Park worked at Mount Anthony in Bennington, Vermont until the end of 1900, when he returned to Scotland to marry and take up the post of General Manager at Huntecombe, his brother Willie's enterprise in Oxfordshire.

== Argentina ==
By 1903, Park went to Argentina where golf was not new, there were already six courses and an amateur championship had been contested since 1895, and served as a professional. He won the country's first Argentine Open in 1905, a feat he repeated in 1907 and 1912, and laid out a course in Buenos Aires at San Andrés, in 1907. His wife, Grace, a formidable player over many years, was the country's first Ladies' Open champion.

== Later years ==

Park was reported as "newly returned from South America" when he competed in the Scottish Professional Championship in May 1914. In February 1915, he enlisted in the Royal Army Medical Corps and served as a private with the 73rd Field Ambulance in France until his discharge in May 1919.

After the war, he returned to Argentina and again to the United States in 1923 to complete the work done by Willie, now in failing health, at St Johnsbury Country Club in Vermont.

Although he spent that winter, and the next, in Argentina, Mungo remained in the United States until 1936 with spells as professional at rather eccentric resorts, including the Victorian castle run on Quaker principles at Lake Mohonk, New York, and the Castle Hot Springs resort in Arizona.

== Golf course architect ==
Park built many courses in Argentina, but many have disappeared. The most prestigious of the courses he had built is the San Andres Golf Club in 1907. The course remains active.

== Family ==
Park married Grace Morrison in 1901. They had three children Mungo III, Catherine and Jack.
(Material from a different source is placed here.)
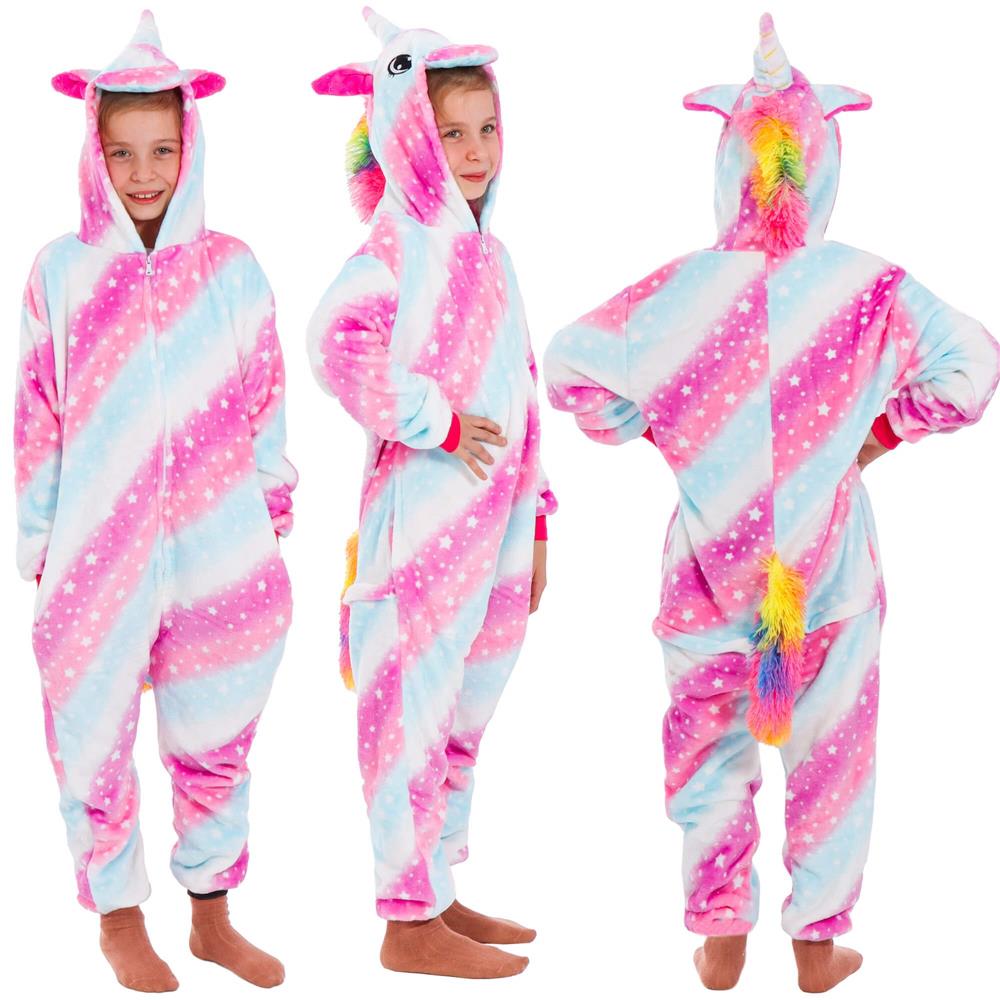 Pijama salopeta unicorn pentru copii, pufoasa, 130-140 cm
Grace was a useful golfer. In May 1902 she played for Scotland against Ireland and England in international matches at Royal Cinque Ports Golf Club and reached the semi-final of the British Ladies Amateur Golf Championship the following week. She won the Argentine Ladies Open in 1904, 1909 and 1910. Catherine, known as Katie, was also a Scottish international golfer.

== Death ==
He died in Haddington, East Lothian, Scotland on 12 February 1960.

==Results in major championships==

| Tournament | 1894 | 1895 | 1896 | 1897 | 1898 | 1899 | 1900 | 1901 |
|---|---|---|---|---|---|---|---|---|
| U.S. Open | DNP | DNP | DNP | DNP | WD | DNP | DNP | DNP |
| The Open Championship | WD | DNP | 41 | DNP | DNP | DNP | DNP | CUT |

Note: Park played only in The Open Championship and U.S. Open.